S. Lester Ralph (1931 – 2019) was an American clergyman, attorney, and politician who served as mayor of Somerville, Massachusetts from 1970 to 1978 and Middlesex County Commissioner from 1973 to 1981.

==Early life==
Ralph was born in Lynn, Massachusetts in 1931. He earned a bachelor's degree, a master's degree, and a Law degree from Boston University and a Master of Divinity Degree from the Virginia Theological Seminary. In 1964 he became the rector of the Christ Episcopal Church in West Somerville. He also had a law office in Waltham, Massachusetts.

==Political career==
===Mayor===
In 1969, Ralph ran for Mayor of Somerville. A political novice who had never run for office before, Ralph topped the ticket in the preliminary election with 49% of the vote. Incumbent mayor James F. Brennan finished third with 23%, making it the first time in 50 years that an incumbent Mayor had lost in the preliminary election. In the general election, Ralph defeated former clerk of the Somerville district court Joseph Marino 75% to 25%. During his first term, many of Ralph's programs were rejected by the board of aldermen. However, he was able to implement a competitive bidding process for supplies in services, which resulted in the city's first revenue surplus in 10 years. Ralph allowed the Boston Globe to investigate the city's contracts and the paper's Spotlight Team found that between 1960 and 1970, the administrations of the previous three mayors had channeled $4.3 million in no-bid and split contracts to five contractors. That August, three previous mayors, the retired public works commissioner, and the city auditor were indicted for conspiracy and larceny. The Spotlight team won the Pulitzer Prize for Local Investigative Specialized Reporting for their reporting of corruption in Somerville. In 1971, Ralph defeated state representative Maria Howe 65% to 35% to win reelection. During his tenure as Mayor, the city built new schools and fire stations and renovated libraries. He worked to bring the Red Line to the city, which helped revitalize Davis Square. In 1972, Somerville won the All-America City Award.

In 1973 he was reelected over former Somerville Housing Authority Executive Director Edward Sweeney. In 1975, Ralph narrowly defeated Thomas F. August for reelection. He did not run for reelection in 1977 and August defeated Ralph's preferred successor Eugene C. Brune.

===County commission===
In 1972, Ralph and Paul Tsongas were elected to the Middlesex County Commission as reform candidates. Ralph continued to serve as mayor while on the commission. In 1980, he was defeated for reelection by Thomas J. Larkin by 14,000 votes.
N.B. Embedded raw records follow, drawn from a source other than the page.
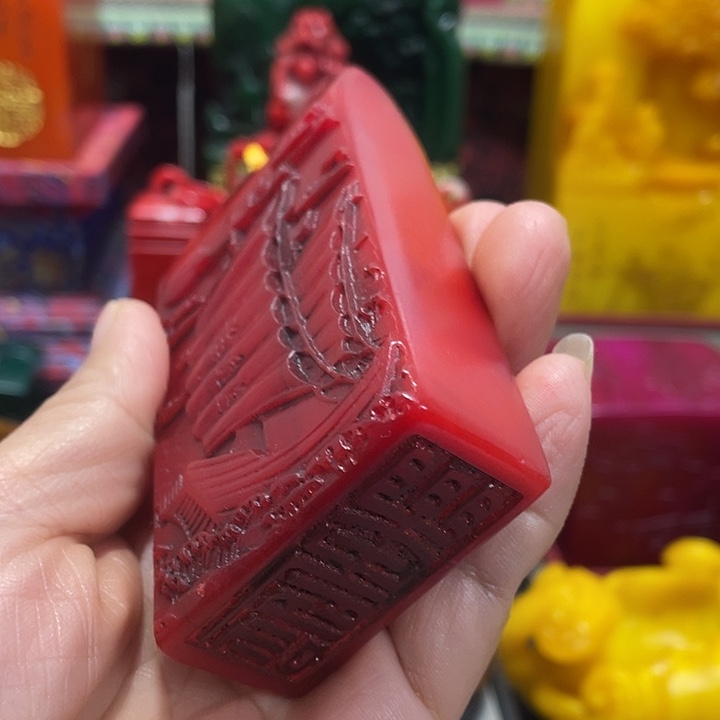 寿山石印石篆刻印章引首章闲章姓名章生日礼物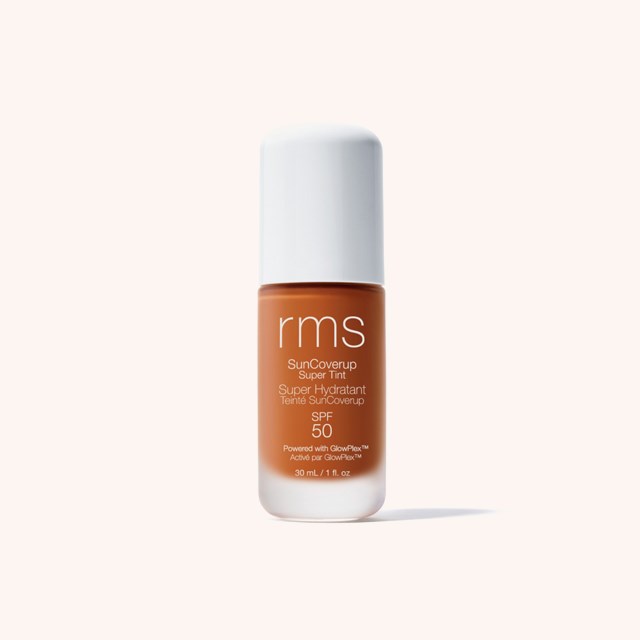 SunCoverUp Skin Tint SPF 50 Spice
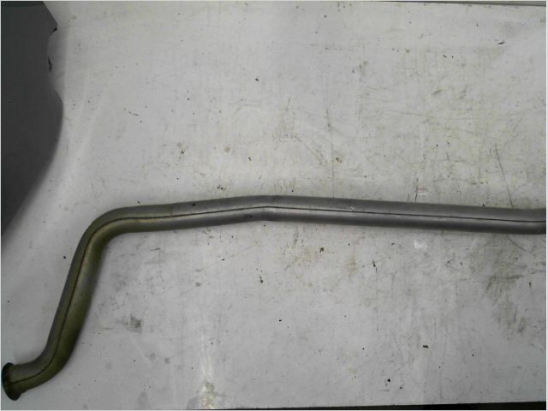 SILENCIEUX INTERMEDIAIRE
===Bids for higher office===
In 1974, Ralph ran for Massachusetts Attorney General. He finished fourth in the Democratic primary with 12% of the vote. In 1978, he ran for Middlesex County treasurer as an independent. He was defeated by incumbent Rocco J. Antonelli by more than a 2 to 1 margin. In 1982, Ralph, who had become disillusioned by the Massachusetts Democratic Party, became a Republican. In 1984 he challenged incumbent representative Ed Markey for the 7th congressional district seat. Markey defeated Ralph 71% to 29%.

==Later life==
A few years after leaving the Mayor's office, Ralph and his family moved to Reading, Massachusetts. He continued to practice law, representing clergy accused of sexual harassment. One of his clients was Rev. James R. Hiles, vicar of the Church of Our Savior in Milton, Massachusetts who was accused by a former church employee of engaging in a five-year sexual affair with her that ended with an abortion. Ralph died on August 20, 2019, at his home in Reading. He was 88 years old.